* EXERCISE PROMPT *
Reproduce the entries word for word, and omit any picture you find in them.

-- Opening Marker --

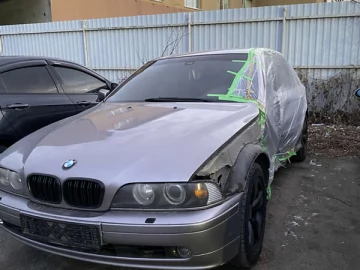 Авто BMW 5 Series 2001 № 7170255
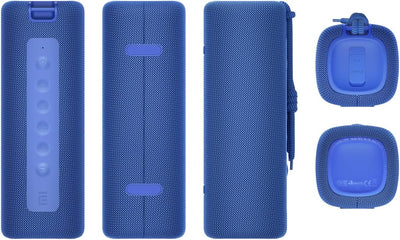 Xiaomi Mi Portable Bluetooth Speaker, Blue (Blau), Blue (Blau)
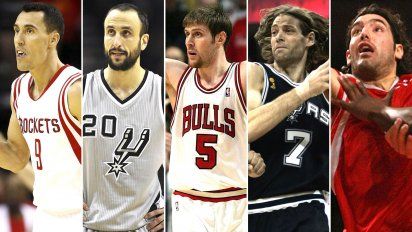 NBA: Facundo Campazzo debutó en Denver Nuggets y ya son 13 los argentinos que jugaron en la liga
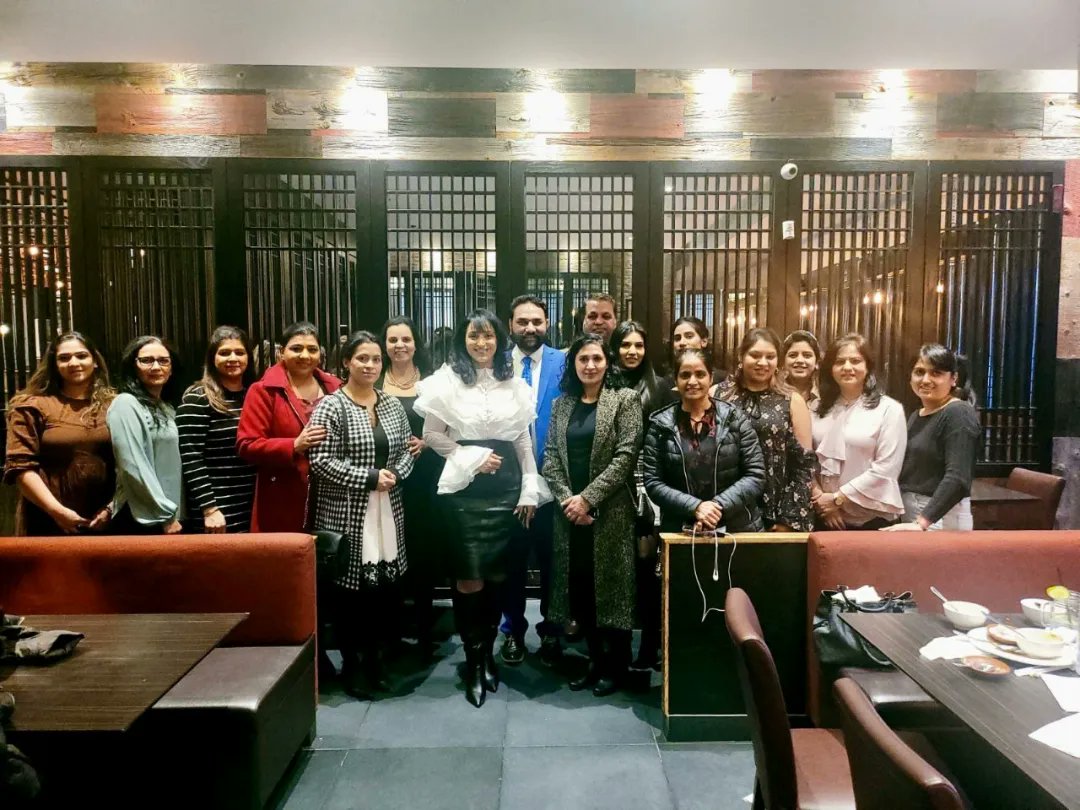 HarpreetAdvisor's tweet photo. Hosted lunch for Top Achievers and New Insurance Advisors in our Team at Punjab Insurance headed by our awesome President at Punjab Insurance, #SherjangSinghRana. 

#PunjabInsurance #LifeInsurance #FreeAdvice #OneStopSolution #MyClients #insurancebroker #Ontario #Brampton https://t.co/5XtttWi2uo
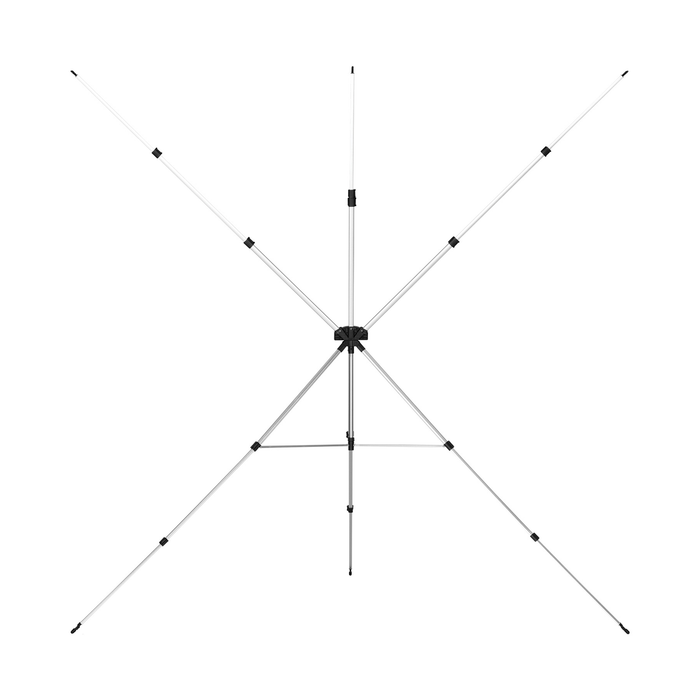 Westcott X-Drop Pro Backdrop Stand (5x7, 5x12, 8x8, 8x13)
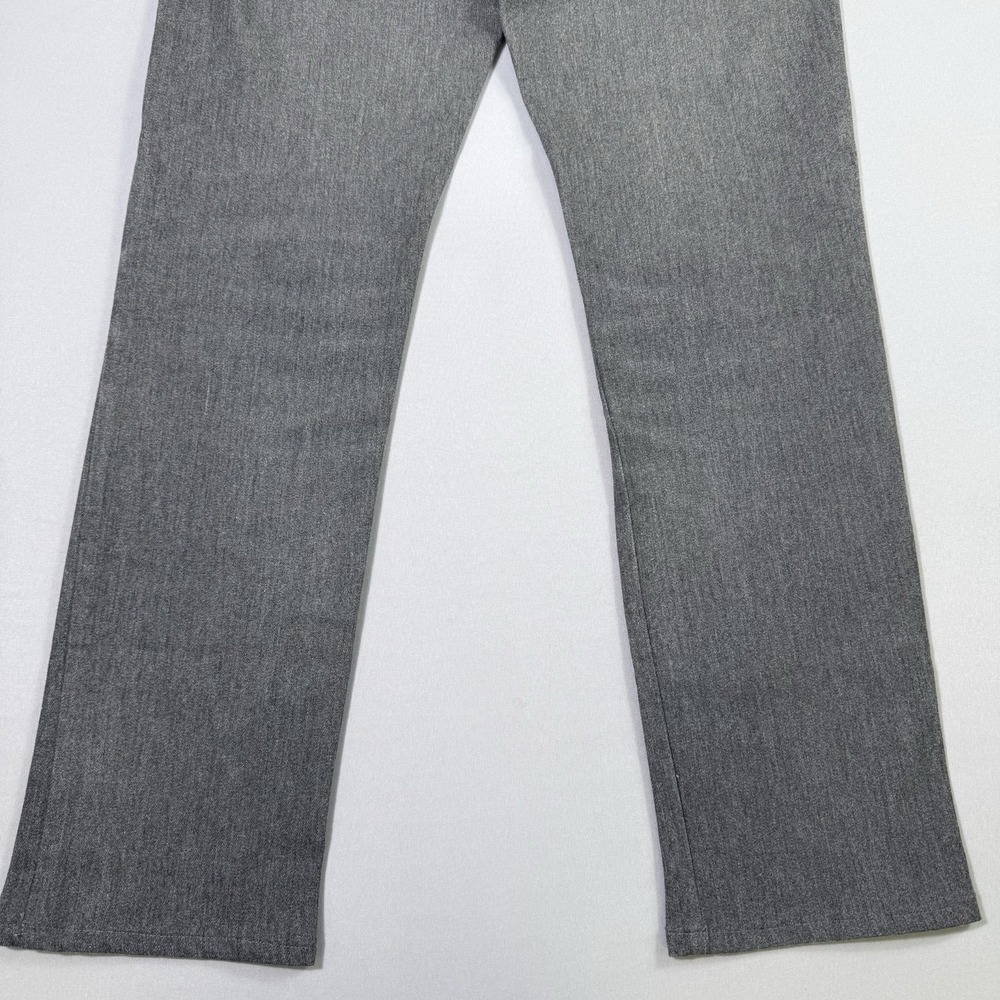 Naked & Famous Skinny Guy Jeans Mens 33x31 (Actual 32x31) Mixed Grey Stretch EUC - Picture 9 of 13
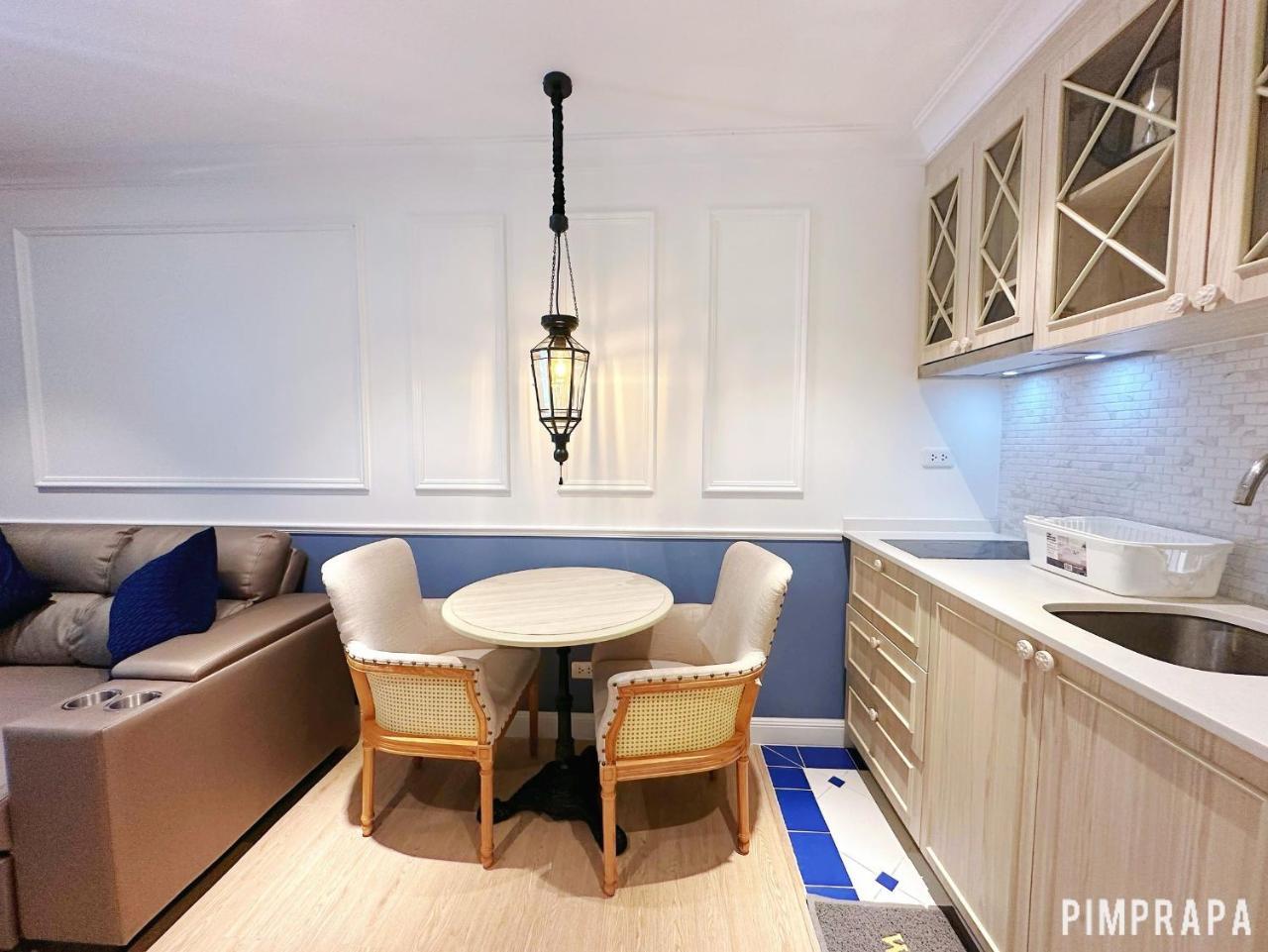 Jomtien Beach Pattaya Seven Seas Côte d’Azur in Pattaya, Thailand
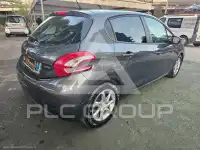 2012 Peugeot 208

-- Closing Marker --

* ANSWER FOR THIS EXERCISE *
 Авто BMW 5 Series 2001 № 7170255
 Xiaomi Mi Portable Bluetooth Speaker, Blue (Blau), Blue (Blau)
 NBA: Facundo Campazzo debutó en Denver Nuggets y ya son 13 los argentinos que jugaron en la liga
 HarpreetAdvisor's tweet photo. Hosted lunch for Top Achievers and New Insurance Advisors in our Team at Punjab Insurance headed by our awesome President at Punjab Insurance, #SherjangSinghRana. 

#PunjabInsurance #LifeInsurance #FreeAdvice #OneStopSolution #MyClients #insurancebroker #Ontario #Brampton https://t.co/5XtttWi2uo
 Westcott X-Drop Pro Backdrop Stand (5x7, 5x12, 8x8, 8x13)
 Naked & Famous Skinny Guy Jeans Mens 33x31 (Actual 32x31) Mixed Grey Stretch EUC - Picture 9 of 13
 Jomtien Beach Pattaya Seven Seas Côte d’Azur in Pattaya, Thailand
 2012 Peugeot 208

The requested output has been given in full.